LISTED RECORDS ::
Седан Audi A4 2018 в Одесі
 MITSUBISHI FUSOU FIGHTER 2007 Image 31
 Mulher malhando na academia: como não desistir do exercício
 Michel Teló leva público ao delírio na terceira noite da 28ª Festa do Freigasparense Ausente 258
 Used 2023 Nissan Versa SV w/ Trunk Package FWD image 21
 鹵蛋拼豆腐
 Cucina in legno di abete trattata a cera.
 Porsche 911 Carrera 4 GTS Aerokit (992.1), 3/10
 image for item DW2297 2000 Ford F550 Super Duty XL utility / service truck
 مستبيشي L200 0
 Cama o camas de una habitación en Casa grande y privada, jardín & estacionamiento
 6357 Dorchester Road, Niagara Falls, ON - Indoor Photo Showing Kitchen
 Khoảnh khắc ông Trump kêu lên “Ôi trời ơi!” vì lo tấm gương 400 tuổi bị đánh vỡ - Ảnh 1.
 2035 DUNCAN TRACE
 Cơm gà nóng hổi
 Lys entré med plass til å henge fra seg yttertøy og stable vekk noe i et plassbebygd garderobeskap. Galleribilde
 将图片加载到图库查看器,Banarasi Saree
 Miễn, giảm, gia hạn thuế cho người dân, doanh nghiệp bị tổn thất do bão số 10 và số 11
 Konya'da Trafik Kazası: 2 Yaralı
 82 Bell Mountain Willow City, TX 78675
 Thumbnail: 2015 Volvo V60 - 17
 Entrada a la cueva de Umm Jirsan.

EXERCISE GOAL :: Each line above, from the one that contains "Cơm gà nóng hổi" to the last line of the records, should be repeated exactly. Leave out all others.

ANSWER SECTION ::
 Cơm gà nóng hổi
 Lys entré med plass til å henge fra seg yttertøy og stable vekk noe i et plassbebygd garderobeskap. Galleribilde
 将图片加载到图库查看器,Banarasi Saree
 Miễn, giảm, gia hạn thuế cho người dân, doanh nghiệp bị tổn thất do bão số 10 và số 11
 Konya'da Trafik Kazası: 2 Yaralı
 82 Bell Mountain Willow City, TX 78675
 Thumbnail: 2015 Volvo V60 - 17
 Entrada a la cueva de Umm Jirsan.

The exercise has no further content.